Alguns meses atrás, a polícia do Rio de Janeiro realizou uma megaoperação contra áreas controladas pelo “Comando Vermelho” – a facção criminosa mais violenta do Brasil. Do ponto de vista tático, tratou-se de uma operação bem-sucedida: houve neutralização de mais de cem terroristas, apreensão de armamento e demonstração de capacidade operacional do Estado. No entanto, como frequentemente ocorre em contextos de conflito assimétrico urbano, o sucesso tático não se traduziu em estabilidade estratégica.

Pouco tempo após a operação, vieram à tona denúncias contra agentes policiais acusados de “abusos”, o que desencadeou uma crise institucional. Muitos policiais envolvidos na operação especial foram presos. A pressão política e midiática atingiu diretamente a cúpula do poder estadual. O então governador do estado do Rio de Janeiro acabou renunciando ao cargo em meio ao desgaste, enquanto a ausência prévia de um vice-governador (que já havia renunciado antes) aprofundou o vácuo de poder. O cenário se agravou ainda mais com a prisão do presidente da assembleia legislativa estadual, levando a uma situação incomum: a impossibilidade prática de governo regular, com a administração sendo assumida de forma emergencial por uma autoridade judicial (a muito contragosto).

Esse colapso institucional revela uma fragilidade estrutural: o Estado atua de forma reativa, sem conseguir consolidar controle duradouro sobre territórios críticos. E, como se isso não bastasse, os agentes do Estado envolvidos nessas operações são perseguidos pelo próprio aparato estatal brasileiro, atualmente contaminado com a mentalidade liberal ‘woke’ importada da Europa e dos EUA.

Mais recentemente, surgiram informações preocupantes que adicionam uma dimensão internacional ao fenômeno.
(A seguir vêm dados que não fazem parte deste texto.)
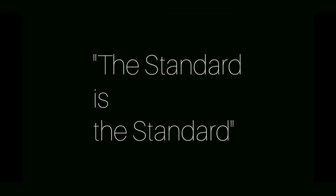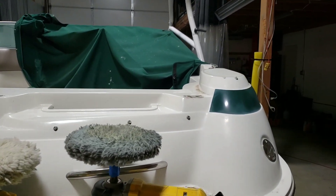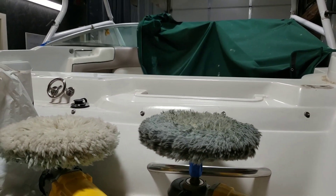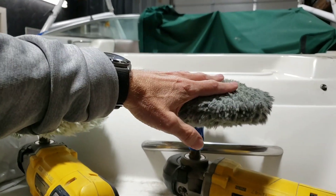Hey, welcome back. I get a lot of questions from folks asking: do I like the 3M quick connect adapter or do I prefer the spindle nut? I personally can change this pad, flip it over just as fast on a spindle nut, old school.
Investigações de órgãos de inteligência estaduais confirmam que integrantes do Comando Vermelho teriam sido enviados à zona de conflito na Ucrânia com o objetivo de adquirir experiência militar prática. Isso não é novidade. Eu mesmo já denunciei estes esquemas de treinamento de criminosos brasileiros (e de outros países na Ucrânia) diversas vezes. Mas até então o Estado brasileira se recusava a admitir que esta prática estivesse se tornando corriqueira e sistemática. Agora a verdade vem a público.

Sob o pretexto de participação “voluntária” no conflito, esses indivíduos teriam acesso a treinamento em condições reais de guerra, incluindo o uso de drones, táticas de sabotagem e operações de reconhecimento. Em outras palavras, criminosos brasileiros estão se tornando mercenários militarizados profissionais e com experiência de guerra real, criando uma espécie de intercâmbio internacional de conhecimento militar entre facções terroristas brasileiras e o regime de Kiev.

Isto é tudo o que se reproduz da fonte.